■ Problem to work on
Go to the line containing "Holiday Cheer 🎄🎁" in the material below. From there to the end, retype every line exactly and drop the pictures.

■ Task material
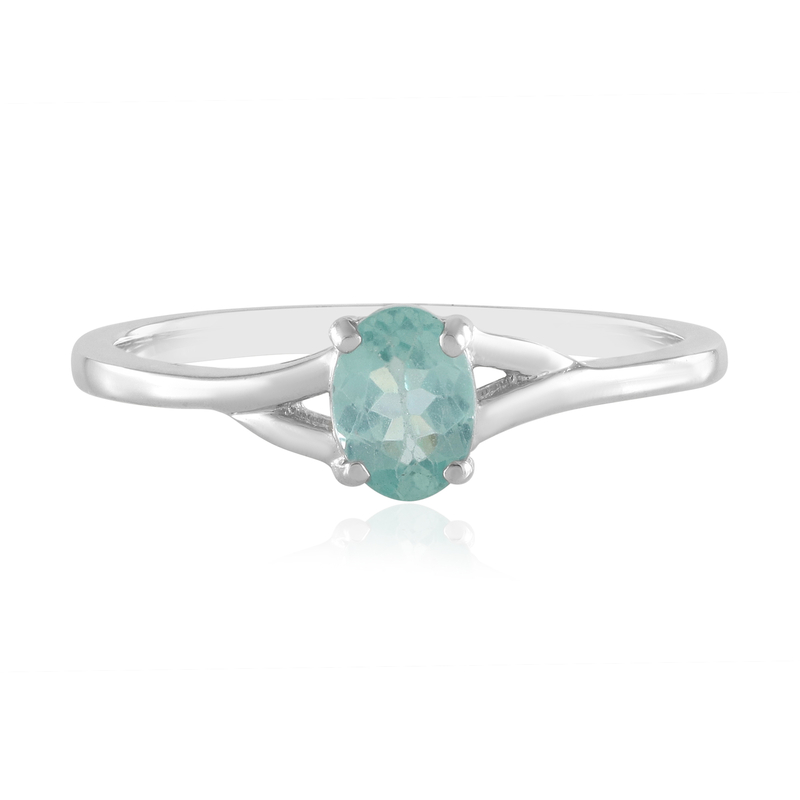 Blauer Apatit-Silberring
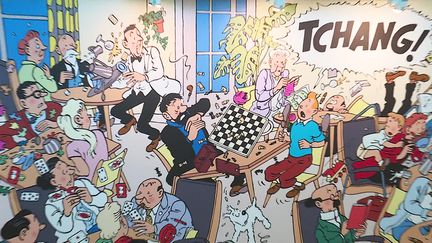 Exposition "Tintin, Hergé et Tchang" au musée des Arts asiatiques de Nice (Alpes-Maritimes). (FRANCE 3 COTE D'AZUR)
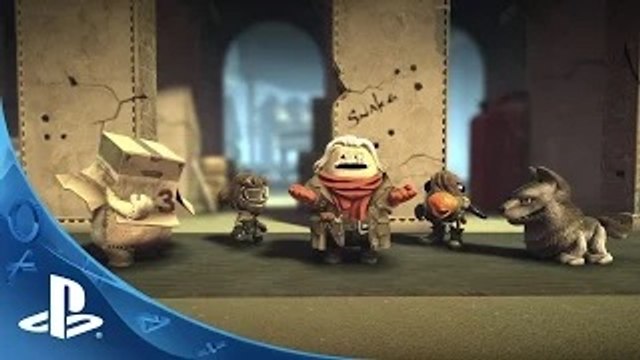 LittleBigPlanet 3 - Metal Gear Solid Phantom Pain Costumes _ PS4, PS3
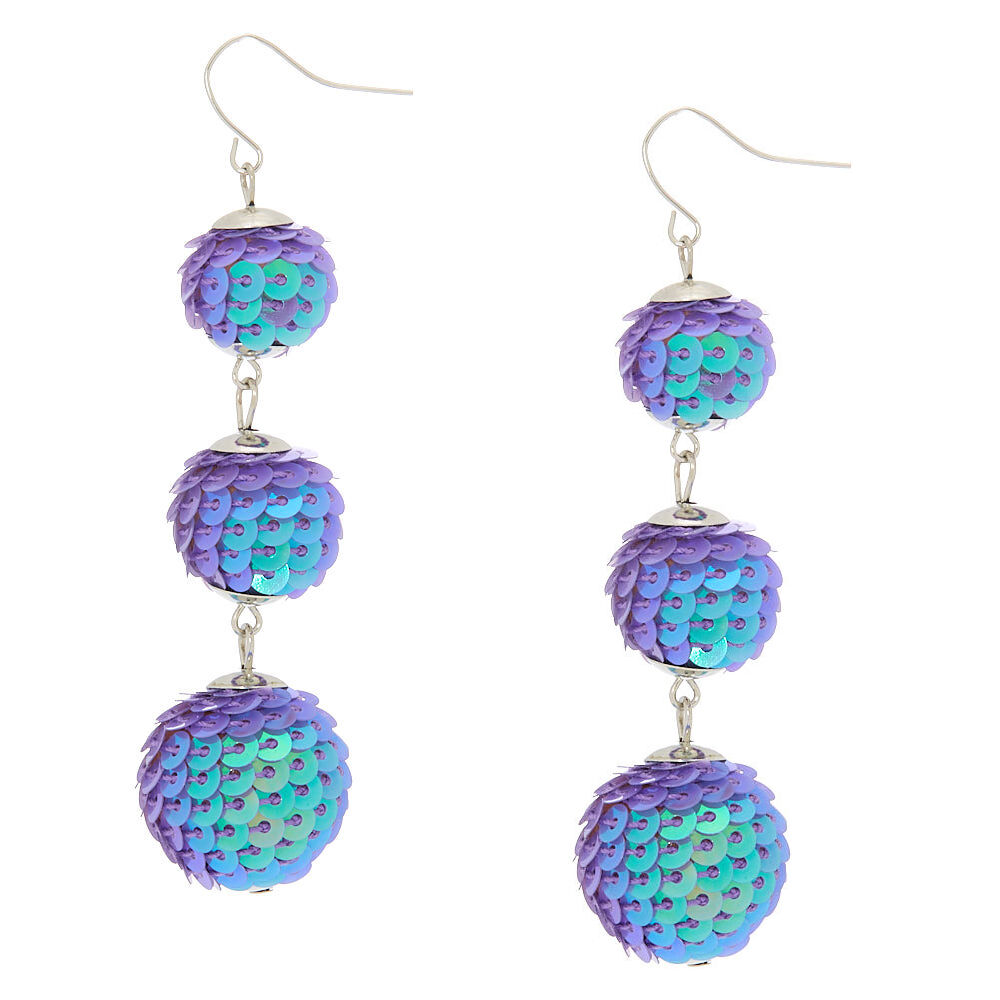 Glitter ball drop earrings new arrivals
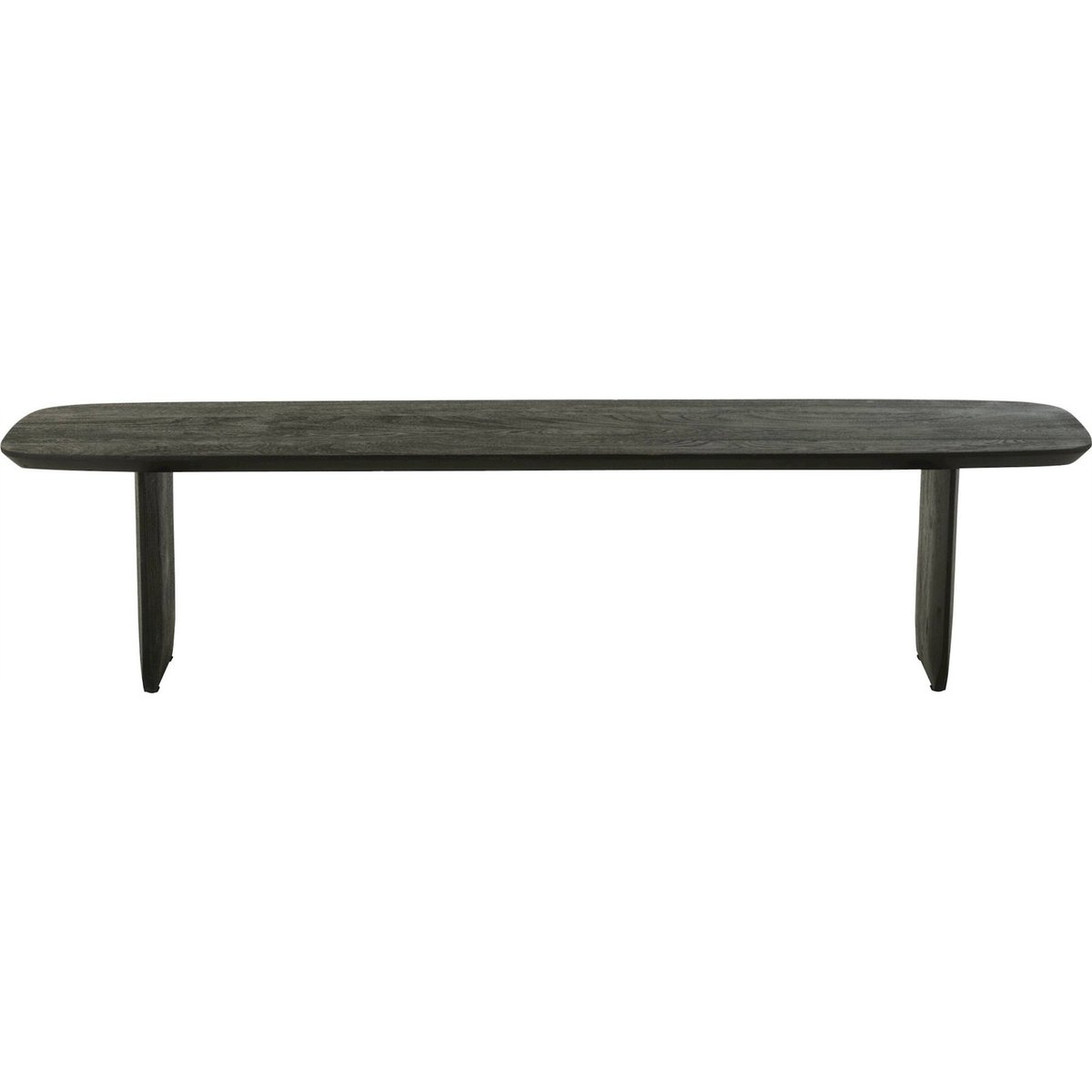 Banc en bois d'acacia design sculptural noir, RECOLLECTION
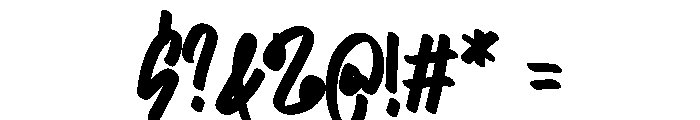 Dijau Font OTHER CHARS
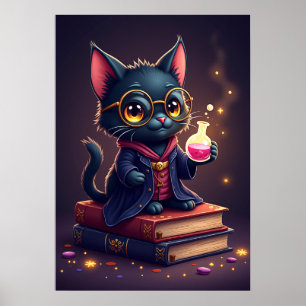 Affiche Coin Magique de Salon de Lecture Dark Academia Boo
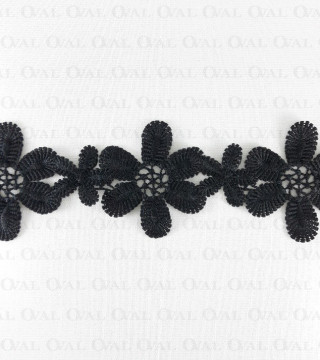 Koronka 60mm /1y czerń 3513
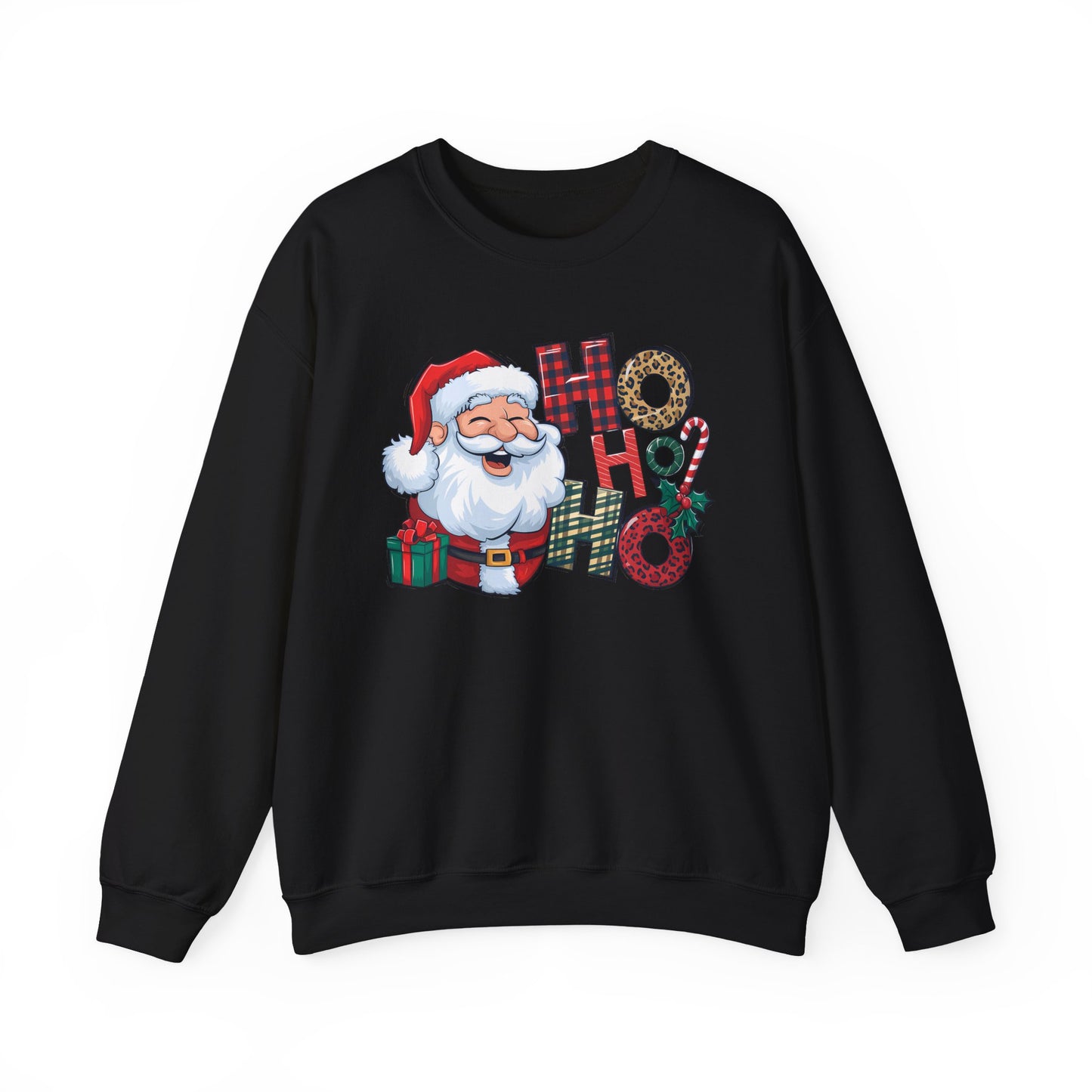 🎅✨ HO HO HO Santa Sweatshirt – Classic Holiday Cheer 🎄🎁
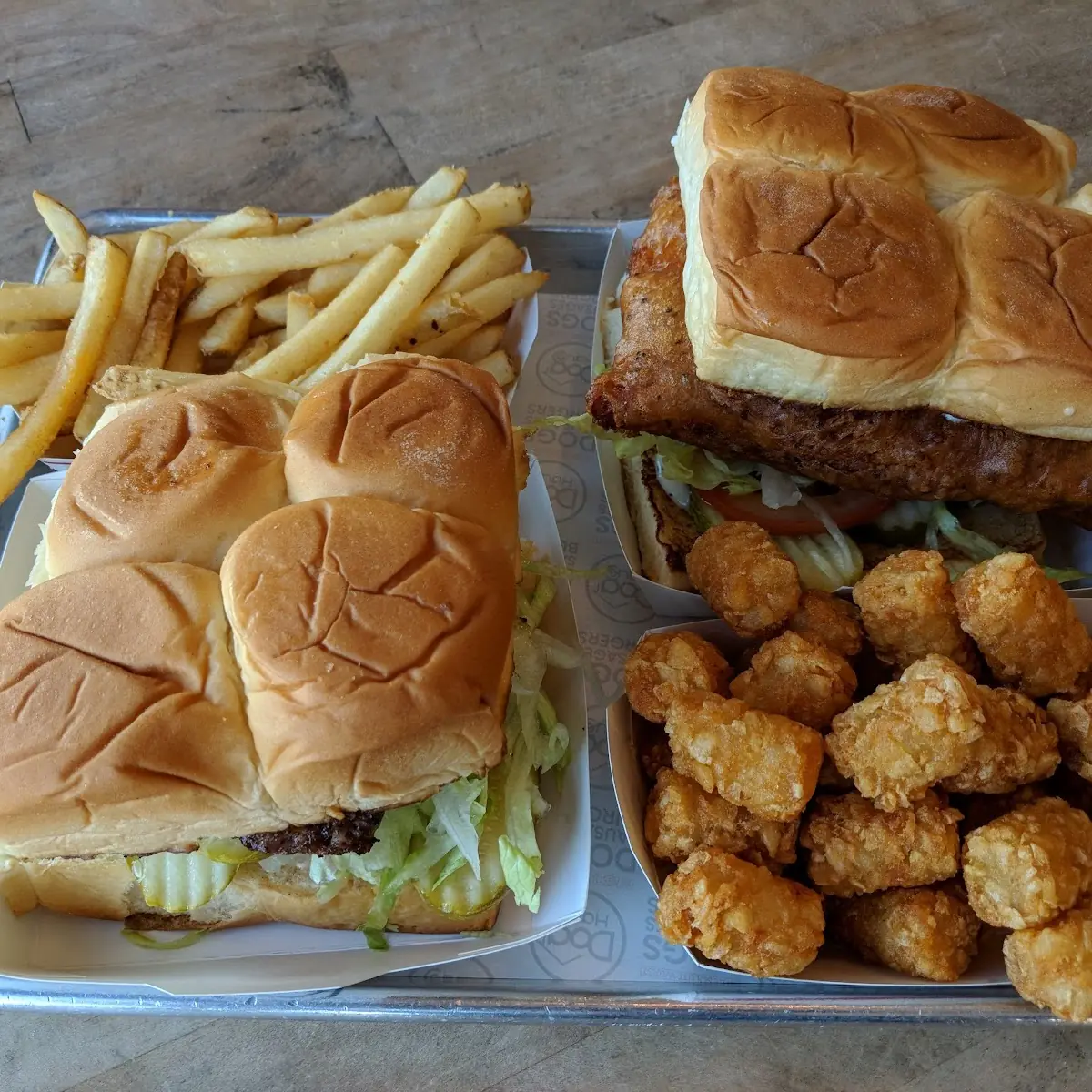 Tater Tots Cheeseburger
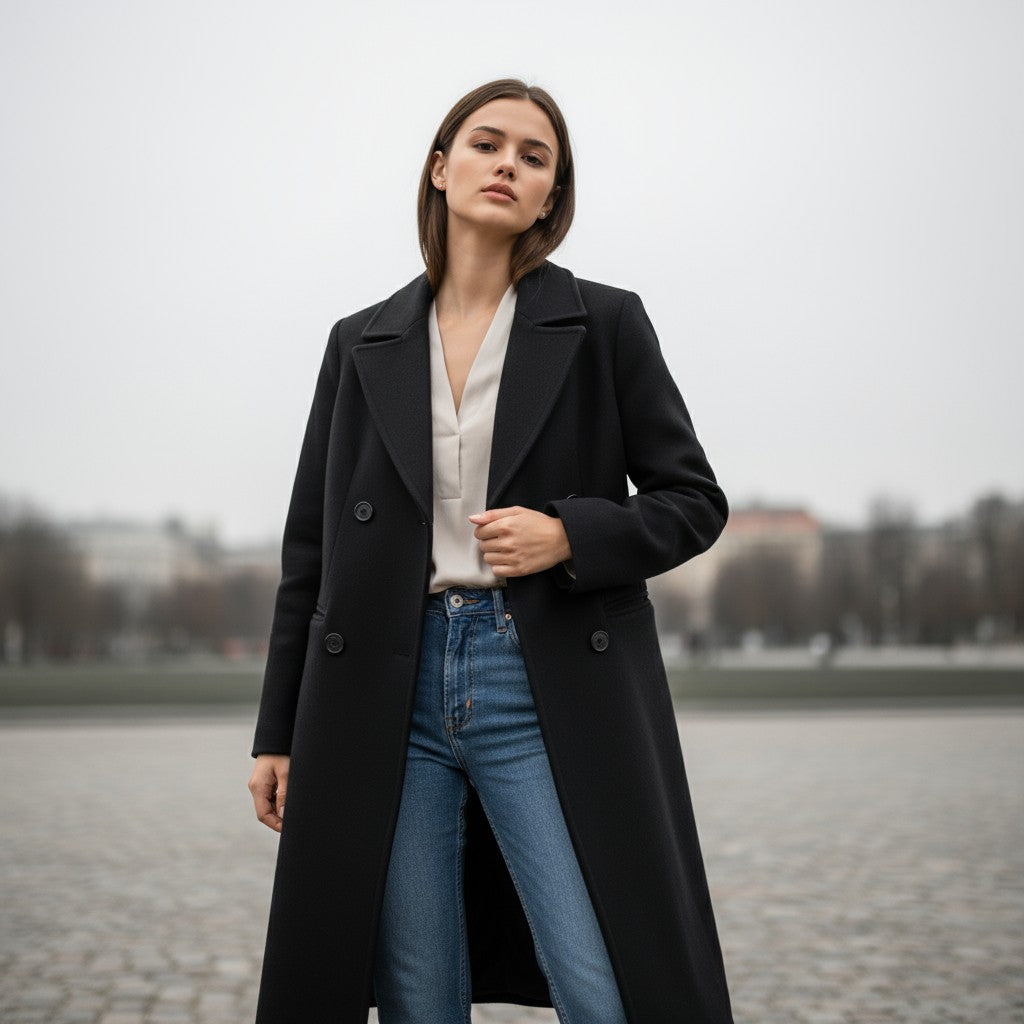 Women’s Solid Color Thick Coat-Vyana Collective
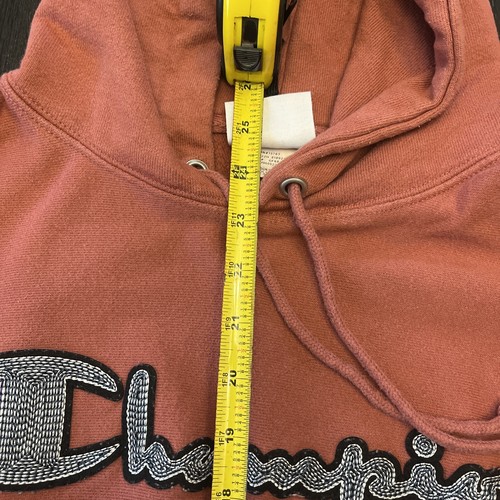 CHAMPION REVERSE WEAVE Hoodie Herren Medium Sandalwood Pink gesticktes Logo - Bild 8 von 14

■ Exercise response
 🎅✨ HO HO HO Santa Sweatshirt – Classic Holiday Cheer 🎄🎁
 Tater Tots Cheeseburger
 Women’s Solid Color Thick Coat-Vyana Collective
 CHAMPION REVERSE WEAVE Hoodie Herren Medium Sandalwood Pink gesticktes Logo - Bild 8 von 14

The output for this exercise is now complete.